Chuck Schumer Optimistic On Fate Of Credit Card Reform

Chuck Schumer Optimistic On Fate Of Credit Card Reform

For Chuck Schumer, credit card legislation now in the Senate passes the O'Halloran's Pub test. The effort to reform the bankruptcy code to stave off foreclosure last week didn't.

"Bankruptcy reform, important as it was, was sort of esoteric. If you went into O'Halloran's Pub, the fellas aren't saying to you, 'What's going on with bankruptcy reform?'" says Schumer in his best guy-on-a-bar-stool voice. "But they might say, 'What are you doing about my credit cards?' The average person feels the second much more than the first, even though both are important."

It's that distinction that has congressional observers much more confident that credit card reform will move through the Senate this week and land on President Obama's budget. Negotiations are ongoing, but the crux of the legislation moves the industry from a disclosure frame -- in other words, they could do pretty much whatever they wanted as long as they disclosed it in fine print somewhere -- to a situation where certain credit company tactics become illegal, such as retroactively raising interest rates on balances.
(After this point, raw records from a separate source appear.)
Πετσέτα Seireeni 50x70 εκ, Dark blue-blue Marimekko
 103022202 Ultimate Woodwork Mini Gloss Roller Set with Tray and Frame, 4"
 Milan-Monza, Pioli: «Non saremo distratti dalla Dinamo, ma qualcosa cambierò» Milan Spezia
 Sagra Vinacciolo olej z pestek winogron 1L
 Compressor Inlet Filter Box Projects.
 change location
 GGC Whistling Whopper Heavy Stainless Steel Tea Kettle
Schumer embodies the shifting politics. Some of that fine print on your statement is known as a Schumer Box, named for the New York Democrat who agreed with credit card firms that disclosure alone was sufficient. He no longer thinks so.

"I think that lots of members from all parts of the country and different parties feel pressure to do something. So I think it bodes pretty well to try to get something significant done," he says.

Is he fully on board?

"Oh yes," Schumer says.

It's still taking some time, however, for more conservative Democrats to find their footing on this new political terrain -- but they're trying.

"I think it's important that some of the practices that have been going on that everybody knows about, where balances are figured, and stuff like that, need to be addressed," says Sen. Ben Nelson (D-Neb.), who represents a state with credit card interests and routinely works to pull Obama's agenda toward the financial industry's position. He voted with the banks Thursday to oppose bankruptcy reform, one of 12 Democrats to do so.

"If there's sufficient votes to change it, that makes sense. I do not think that that's going to create the loss of a lot of jobs [in the credit card industry in Nebraska], so modernizing it in today's world so that balances are more fairly determined probably makes sense. It's what else is in the bill that's gonna matter to me," says Nelson, who is not directly involved in negotiations between banking committee chair Chris Dodd (D-Conn.) and ranking Republican Richard Shelby of Alabama.

Sen. Mark Warner (D-Va.) cast a politically courageous vote against the banks last week, but is still on the fence this time around. "I think the overall goal is appropriate, but I've got some concerns on the current bill," he says, declining to outline them specifically.